I am troublesdhooting a perl expect script that interacts with a remote server running a custom OS on top of an OpenBSD kernel. The script creates an ssh connection and logs in successfully. It even shows the welcoming text of the custom OS and matches on the first custom OS's prompt. The script then sends a command to the remote server and the perl expect script echos back the command and closes the connection. I found the bit of trouble code in the Expect.pm module on or around lin 821 my $nread = sysread($exp, $buffer, 2048);. This sysread call fails to read anything off the socket after the system command is sent to the remote server and then sets $nread to 0 which is later interpreted into an EOF and sent to the server, $nread = 0 unless defined ($nread);.

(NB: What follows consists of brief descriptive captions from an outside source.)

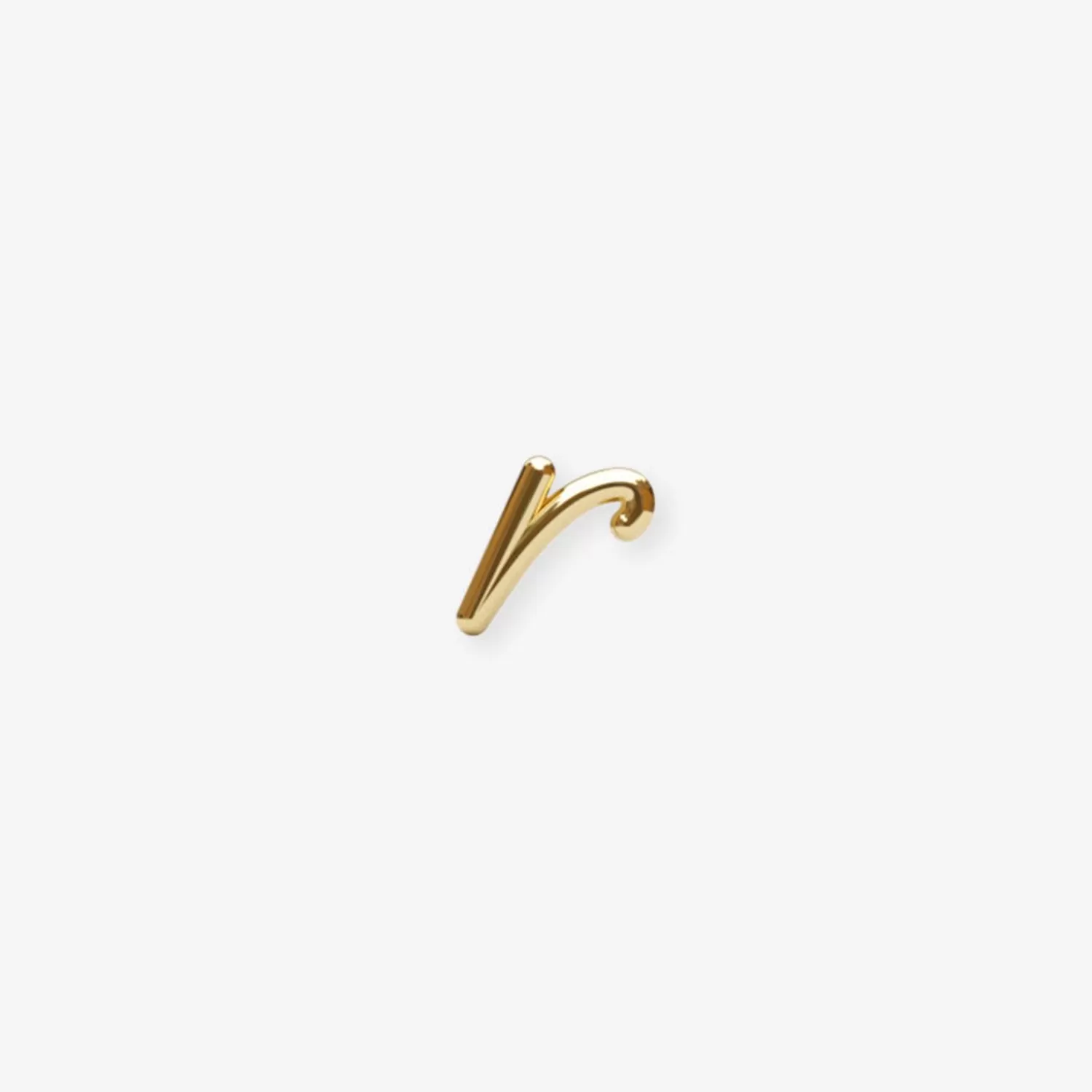 Boucle d'oreille personnalisée 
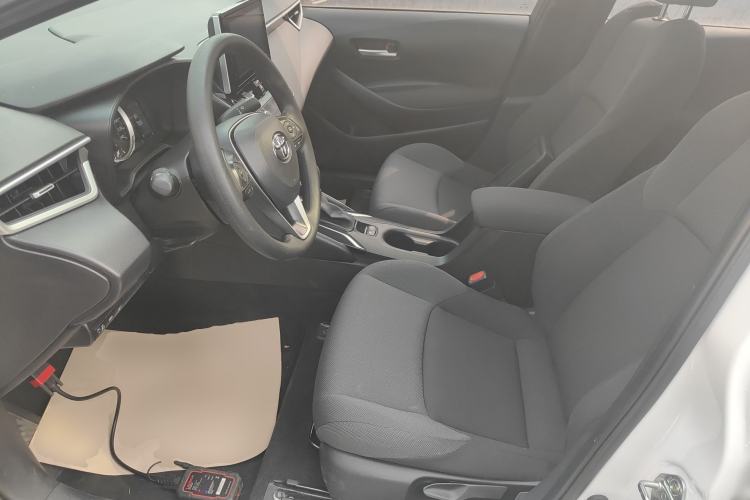 Used Toyota Levin 2021 185T CVT Luxury Edition Left Front Seat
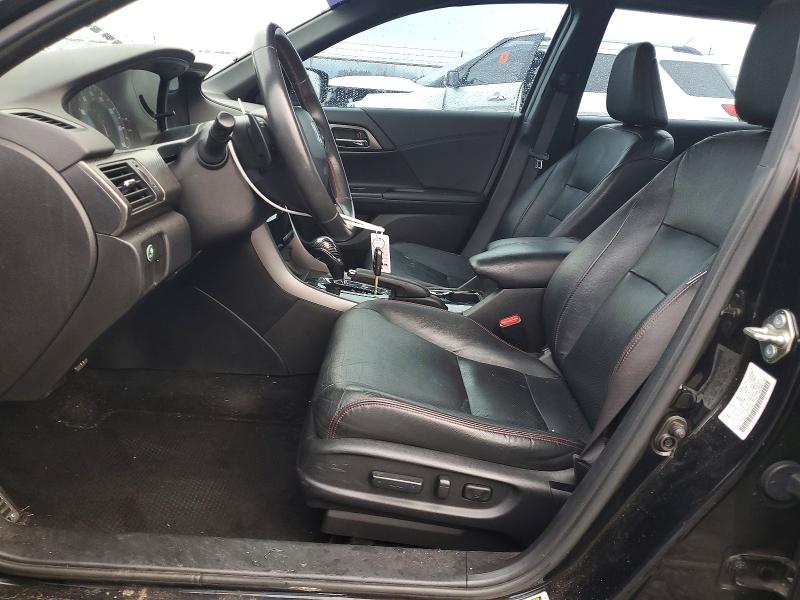 Photo 7 from auction – 2017 HONDA ACCORD SPO with VIN 1HGCR2F17HA098188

if ($nread == 0) { ... ... blah blah $exp->hard_close(); }
First I thought it may be an issue with the tty or pty type because the app I am interacting with is not a standard type terminal service (popular Linux/BSD OS, cisco router, ssh console, etc). I tried setting the session to raw but that didn't help either. I then found some code in Expect.pm that appears to be re-assigning STDIN, STDOUT and STDERR starting on or around line 158:
close(STDIN); open(STDIN,"<&". $slv->fileno()) or die "Couldn't reopen STDIN for reading, $!\n"; close(STDOUT); open(STDOUT,">&". $slv->fileno()) or die "Couldn't reopen STDOUT for writing, $!\n"; close(STDERR); open(STDERR,">&". $slv->fileno()) or die "Couldn't reopen STDERR for writing, $!\n";
Could this have anything to do with it? Anyone suggestions on how I can get this to work with my non-standard OS?